:: The data ::
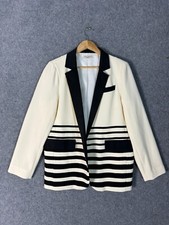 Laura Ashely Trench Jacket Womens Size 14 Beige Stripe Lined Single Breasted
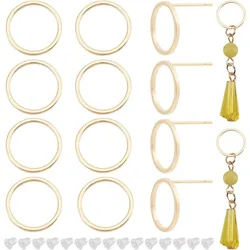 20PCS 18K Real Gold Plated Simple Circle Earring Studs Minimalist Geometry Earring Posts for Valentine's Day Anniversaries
:::
:: The data ::
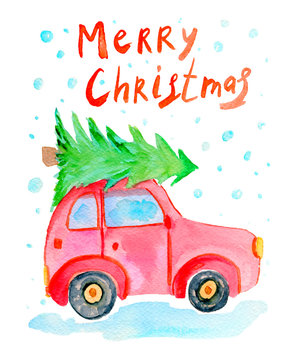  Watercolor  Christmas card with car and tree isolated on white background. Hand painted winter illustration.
:::
### [Exercise description]
Repeat only the stretch of data above that runs from the line with "Laura Ashely Trench" to the line with "20PCS 18K Real". Keep both end lines; exclude pictures.

### [Response to this exercise]
 Laura Ashely Trench Jacket Womens Size 14 Beige Stripe Lined Single Breasted
 20PCS 18K Real Gold Plated Simple Circle Earring Studs Minimalist Geometry Earring Posts for Valentine's Day Anniversaries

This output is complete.